Big business wants to cut the costs of welfare for two reasons. Firstly, benefits above the barest minimum are seen as a barrier to lowering wages. The costs of welfare are also seen as a barrier to the government’s programme of cutting taxes on business and the rich. Cutting social welfare and cutting taxes for the rich usually go hand in hand.

Protests against benefit cuts in 2012 that echo those of the early 1990s

In 1991 the then Minister of Social Welfare Jenny Shipley blamed “high” benefits for making it difficult to lower wages. Explaining her support for benefit cuts she claimed: “Benefit payments have been high enough compared to wages that for many people there has been little financial encouragement to take on paid work and employers have been unable to attract workers at rates that would maintain the viability of their business.” Commenting on what basis the benefit levels were decided she said: “Quite frankly, the research I rely on is the marketplace. If the marketplace cannot pay, there is no such thing as an arbitrary, isolated, adequacy level.”

The current government is also testing the water to impose time limits on benefits by forcing people to reapply after one year. Business Roundtable chairman Douglas Myers told the HR Nicholls Society in Melbourne in 1992: “The absence of any time-limit on the dole (following which people might be obliged to undertake training or qualify for restricted assistance) reduces the pressure on wages to adjust to competitive pressures.”

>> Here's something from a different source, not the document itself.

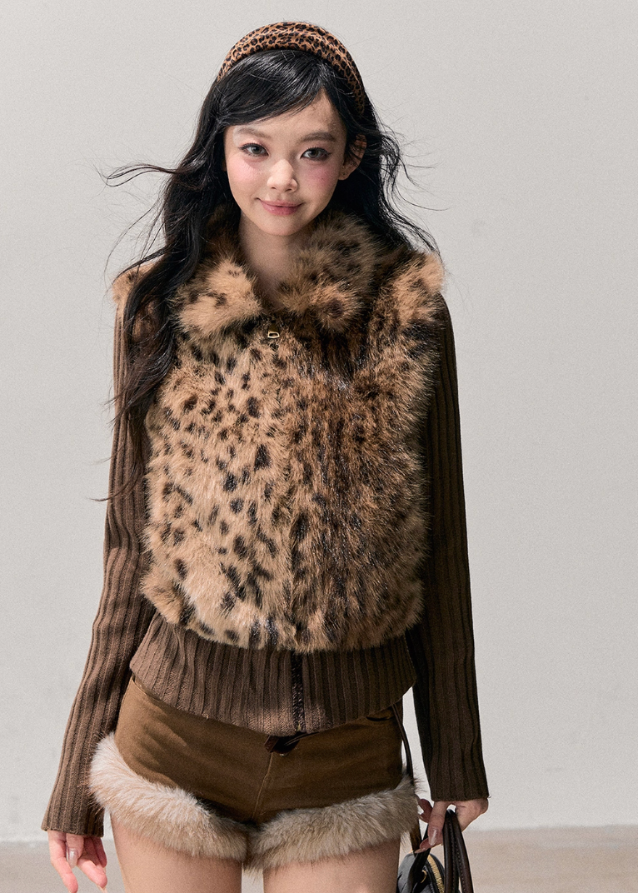 AOMALM winter top, faux fur knit jacket, Korean style winter outfit, eco fur pullover, soft fur sweater women, layered knit jacket, winter feminine top, warm winter knitwear, fake two piece top, Korean fashion 2025, cozy winter tops, plush faux fur jacket women, ribbed knit winter top, stylish warm tops for women, feminine winter clothing, A-line winter outfits, cute Korean winter look, soft landing jacket AOMALM, winter warm aesthetic top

By targeting the most vulnerable the government hopes to get support for large scale cuts to basic welfare for everyone. They can then use those cuts to finance tax cuts for business and the rich. And they are happy to lie to achieve that goal. John Key claimed in February 2010 that the government would save $10 million over their lifetime if 100 sole parent beneficiaries were moved off benefits and into work. In March 2010 he upped the ante and claimed that getting 5 percent of DPB recipients (around 2150 sole parents) with a child over six off the benefit would save $200 million. This calculation assumed the full cost of DPB over another 6.5 years on the DPB. This number doesn’t actually match time usually spent on the DPB. What he also “forgot” is that nearly exactly the same amount would be spent or lost on Working For Families, In work Tax benefits, child care subsidies, payments from the other parent (which goes to the State) and the like if (as can be assumed) they work 20 or more hours a week. Working for Families alone would cost $170 million over the 6.5 years. That’s the way our benefit/wage/tax system is set up. The biggest disincentive to working is the 100% marginal tax rates for income earned by beneficiaries over $80 a week. The proposed increase in this level to $100 (for those on the DPB and invalids benefits only) will do very little remove the real disincentives that exist to working more hours while transitioning off a benefit. This $20 increase is the first increase in the limit in two decades!

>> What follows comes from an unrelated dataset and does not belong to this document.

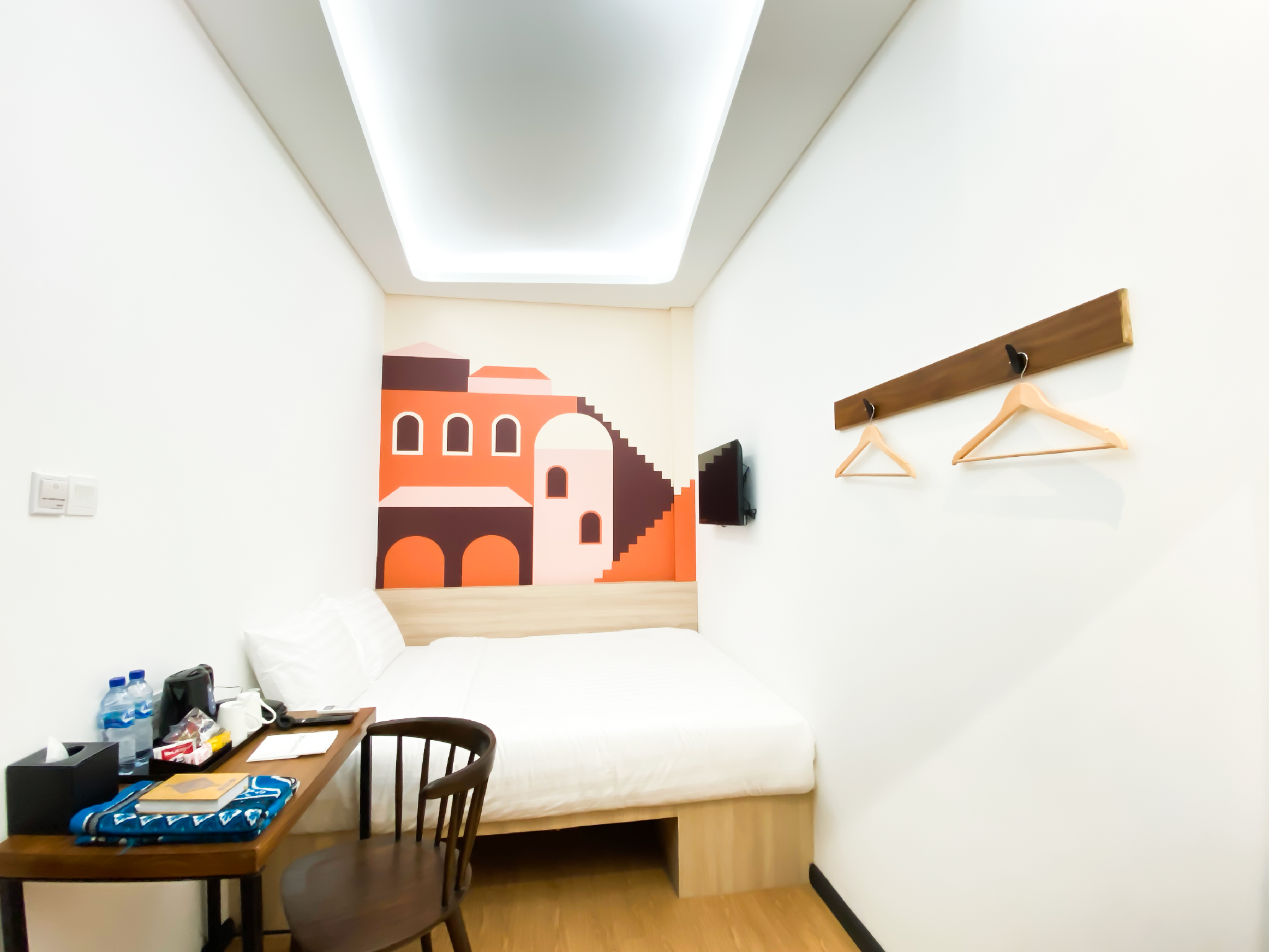 Superior, Double Bed, No Window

People on unemployment and sickness benefits will still only be able to earn $80 a week before their benefits are reduced by 70 cents for every dollar they earn. Promising to allow beneficiaries to earn up to $100 a week before their benefit is affected was one of the only good parts of National’s pre-election policy and they have reneged on it. National’s 2008 Benefits Policy Backgrounder notes: “After paying tax on their extra income, and losing part of their benefit, beneficiaries can be in a position where they are losing up to 92 cents of every additional dollar they earn. This is a disincentive for people to work even a few hours a week.” The law change introduced by National will force sickness and unemployment beneficiaries to do exactly that.

As the economist Susan St John commented when releasing these calculations: “Reminiscent of the welfare attacks of the early 1990s, there is a disturbing lack of empathy for the hardship endured by the people who cannot work or who can only work part-time while on a benefit. Many are sole parents already carrying a huge load of caregiving work, others suffer ill-health that makes them unsuited to full-time or even any work. Then there are the alarming numbers of young people who are now pounding at the doors of tertiary institutes as the job market fails to absorb their growing numbers.”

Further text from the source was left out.